According to the books this is a voltage follower stage i.e Vo will be equal to Vi. But how is that possible? Both the transistors are always in cut off because Vgs of NMOS and PMOS should be zero and hence Vo should be floating. But if I sweep Vi from 0 to Vdd then I also see Vo following Vi. How is the output voltage Vo so well defined?
Intuitively this circuit makes no sense to me at all. It would be really nice if someone could explain me in simple words!
EDIT: I will try to explain what i think should happen. For the circuit exactly as described in the picture (no load condition and only DC condition)

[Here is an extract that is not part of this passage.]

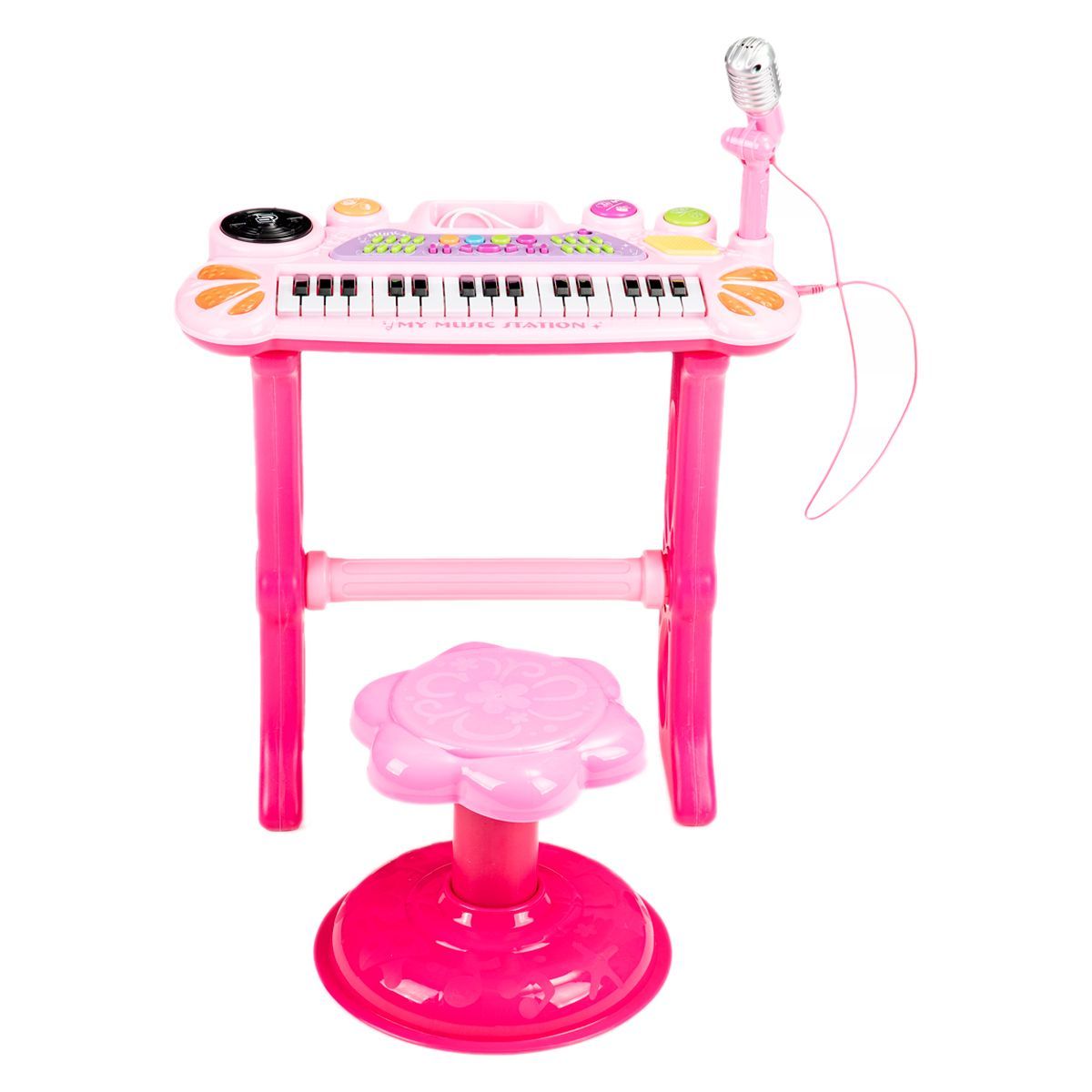 GENERICO - Karaoke Piano Teclado Microfono Silla Juguete Rosa Niña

When Vi is open or gate terminals are floating, with Vdd applied, Vo is floating.
When the gate terminals are connected to Vi, and Vi = 0 volts, Vo is still floating (considering Vo_floating > 0 volts is most likely, than Vo = 0 volts), VgsPMOS = negative voltage, hence PMOS will pull Vo to ground. 2.1: If Vo_floating = exactly 0 Volts (Vo=Vi) then it is the same case as 2.
When Vi > 0 but less than Vth(PMOS and NMOS) VgsNMOS = +ve and VgsPMOS = -ve (since Vo >=0), Vo = 0 volts
Vi > Vth but Vi << Vdd imples, VgsNMOS > VthNMOS and -VgsPMOS < -VthPMOS, hence both the transistors are conducting. VgsNMOS = Vi-Vo, hence Vo=Vi-VgsNMOS. However at this stage Vo = IdRdsPMOS, where Id is the drain current that will be defined by VgsNMOS (Id = gmVgsNMOS).If RdsPMOS is very high then Vo will increase reducing VgsNMOS. But what if VgsNMOS drop below Vth? Why cant this happen? What will define Vo (is it Vo=Vi-VgsNMOS? or Vo = Id*RdsPMOS?) here and why?